About this task
Reproduce each entry exactly.

___

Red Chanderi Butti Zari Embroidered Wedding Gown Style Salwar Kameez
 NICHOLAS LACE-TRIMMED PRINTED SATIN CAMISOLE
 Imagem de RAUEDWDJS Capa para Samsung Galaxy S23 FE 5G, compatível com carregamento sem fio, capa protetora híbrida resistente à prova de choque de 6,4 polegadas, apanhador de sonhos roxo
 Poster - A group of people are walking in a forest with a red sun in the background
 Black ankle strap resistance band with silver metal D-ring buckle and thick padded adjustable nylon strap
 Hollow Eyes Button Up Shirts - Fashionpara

___

Solution to the problem
Red Chanderi Butti Zari Embroidered Wedding Gown Style Salwar Kameez
 NICHOLAS LACE-TRIMMED PRINTED SATIN CAMISOLE
 Imagem de RAUEDWDJS Capa para Samsung Galaxy S23 FE 5G, compatível com carregamento sem fio, capa protetora híbrida resistente à prova de choque de 6,4 polegadas, apanhador de sonhos roxo
 Poster - A group of people are walking in a forest with a red sun in the background
 Black ankle strap resistance band with silver metal D-ring buckle and thick padded adjustable nylon strap
 Hollow Eyes Button Up Shirts - Fashionpara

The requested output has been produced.